当時の大本営が、将帥権の旗のもとで、つまり上を通し根回しできていれば、佐官クラスが北方も南印度支那も好き放題に方面作戦を作っていたこと、すなわち統合戦略のパッチワークと矛盾は、大東亜戦争を通鑑して見逃せない事実であろう。海戦直前のルーズベルトの親書さえ駐日大使に手交するのを1日握りつぶすことが出来たのだから本来の機関設計からしたならば大本営自体が無政府状態と言ってもいい。誰がこの状態を放置したのか、ここは大いに研究されるべき点であろう。

二重スパイは優秀でなければ長生きできない。その優秀さに役立った瀬島龍三の抜群の記憶力、判断力、文章力、そしてごますりの巧さ。そのような人物像に読める本ではあるが、本質を見るためには、瀬島龍三がものすごく臆病な人間であったことを読み取らなければならない。良く言えば用心深い。これが二重スパイに必要な素質だったのだろう。だから決定的に重要な事は何も言わず、死後将来の名誉を傷つけられないように大著『北方戦備』という私家本を防衛庁戦史室に奉納している。これなんかは北畠親房の神皇正統記を範とする行動だろう。講演で述べる戦争体験も判で押したように同じ内容を繰り返す。しかもいちいちエリートの見本のような自己保身の発言と手を汚さない立ち居振る舞いが秀でている。陸大44期の中には11人も5・15参加者を出し、卒業直前で前途を無にしているが、そのような跳ね上がりとは距離をおいている瀬島龍三は無傷で御前講演の栄誉に浴している。いかにも付き合いにくい感じだが、日常的個人としての瀬島龍三は参謀としても会社員としても非常に評価され、いまもって伊藤忠商事では崇拝さえされている。

伊藤忠商事内での働きも参謀本部とスタンスが同じで前線には出ず(手は汚さない)に大本営参謀総監のように環境をこしらえてしまう。シベリアにおいてもそうであったようだ。少なくとも同じ苦労はしても100分の1くらいの苦労だったろう。瀬島龍三、本当はシベリアにいたのではなくほとんどはモスクワ郊外の日本人将校思想教育学校にいたのだろう。
     * *
私はこの著作を読んで、改めてエリート教育の難しさを感じました。
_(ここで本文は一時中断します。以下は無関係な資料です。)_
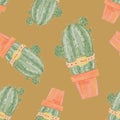 Seamless pattern of cactus characters painted in watercolor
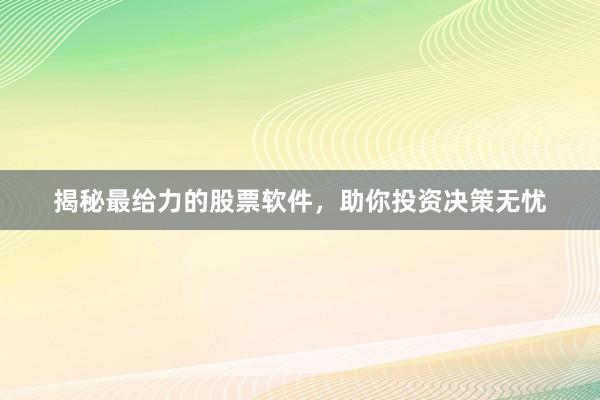揭秘最给力的股票软件，助你投资决策无忧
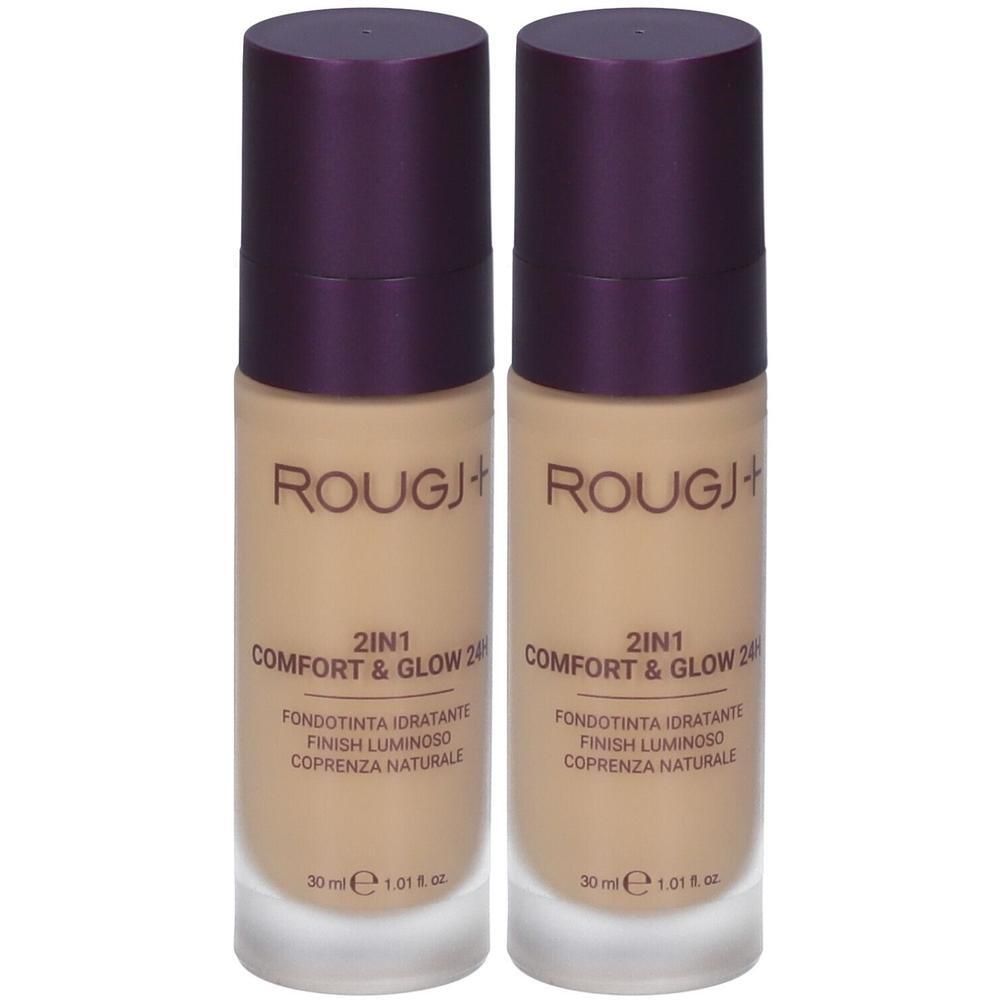 Due flaconi di fondotinta Rougj+ 2IN1 Comfort & Glow, 30 ml ciascuno.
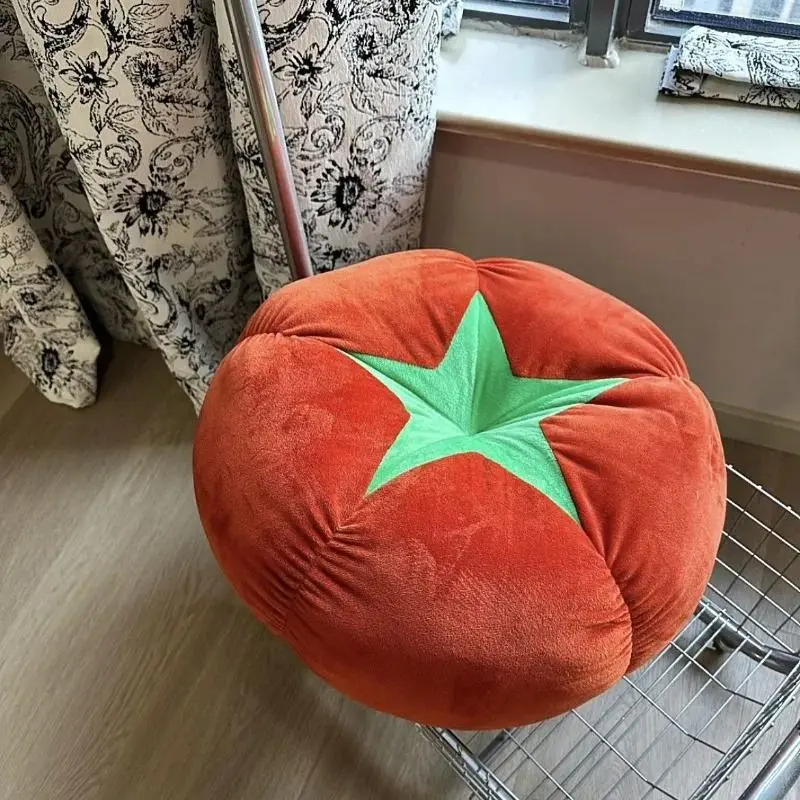 Unisex Cute Mushroom-Tomato Design Soft Futon Cushion - Novelty Toy Doll Throw Pillow for Lazy Living Room Sofa Bed Accessory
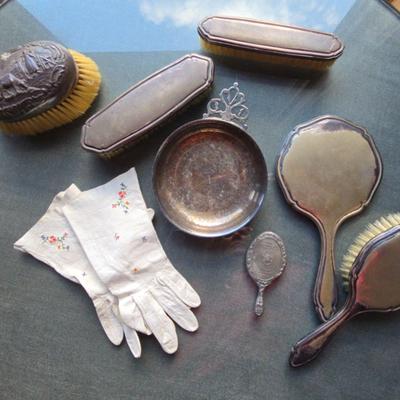 Antique Silver Brushes and Small White Leather Gloves 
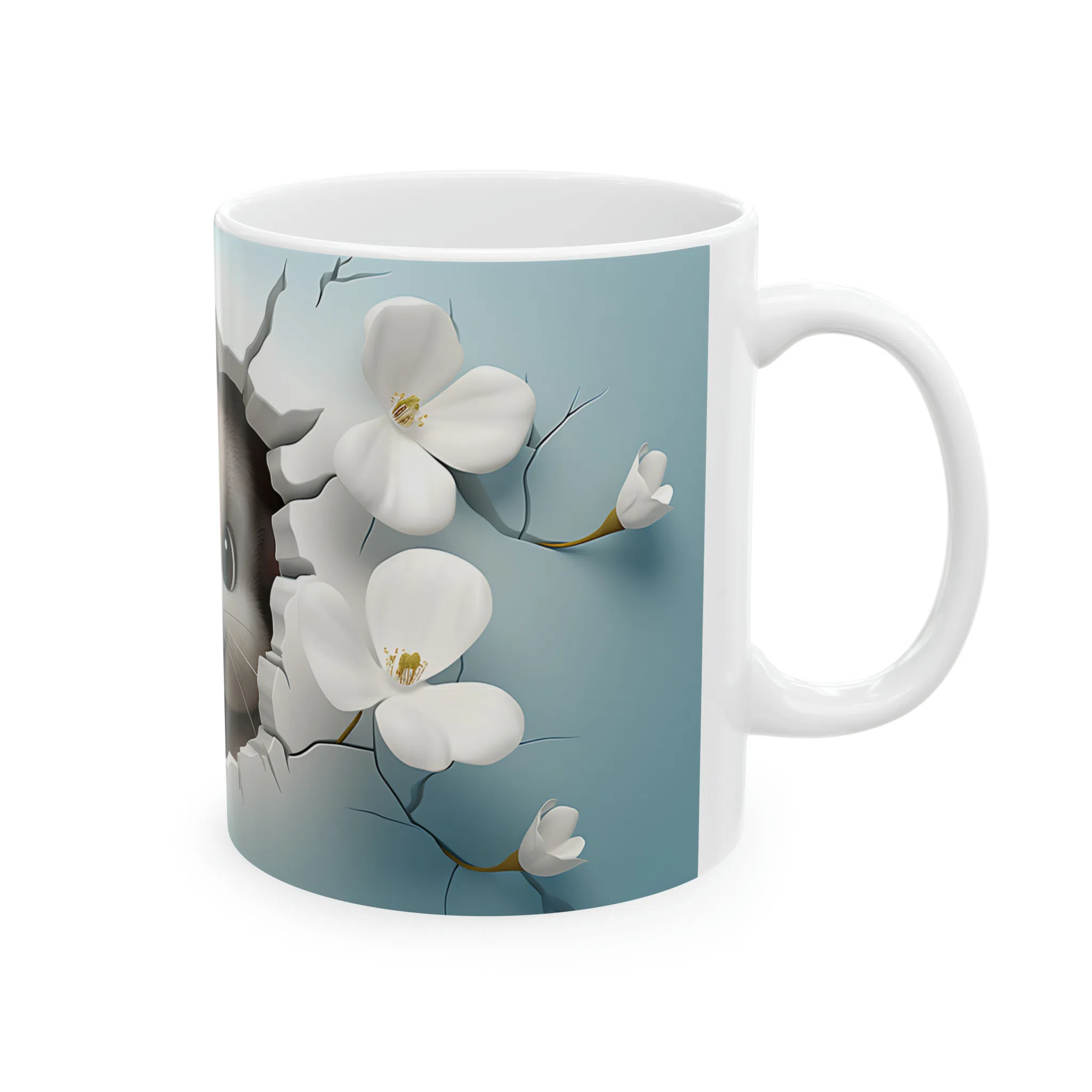 ماگ طرح سه بعدی بچه سمور بین گل ها مدل NM3067 — تصویر 6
おそらく別な形で我が国が追い詰められた時、高級官吏は同じように選別され同じように自己都合で事実を歪め、同じように亡国の道を進み、同じように生き延びて言い訳の歴史を書くことでしょう。重要なところは、生き延びてという点にあり、唯一大西郷だけが言い訳をしなかった。そのように思うし、どうしたら、万人のエリートを率いる21世紀の大西郷を輩出することができるだろうかと言う答えのない設問と考えに深く囚われてしまいました。

この設問は魂の鍛錬の問題であって、手習いや教育の高度化の延長ではないのです。瀬島龍三は確かに優秀ではあったが死地にあっても魂のない人間、己の死を己の選択の一部と出来なかった人間というのが私の評価です。魂の鍛錬によって死を己の選択の一部とする心の所作で自由になる教育ができれたならば、千の生徒に一粒、万人を率いるダイヤモンドを輩出できるかもしれない。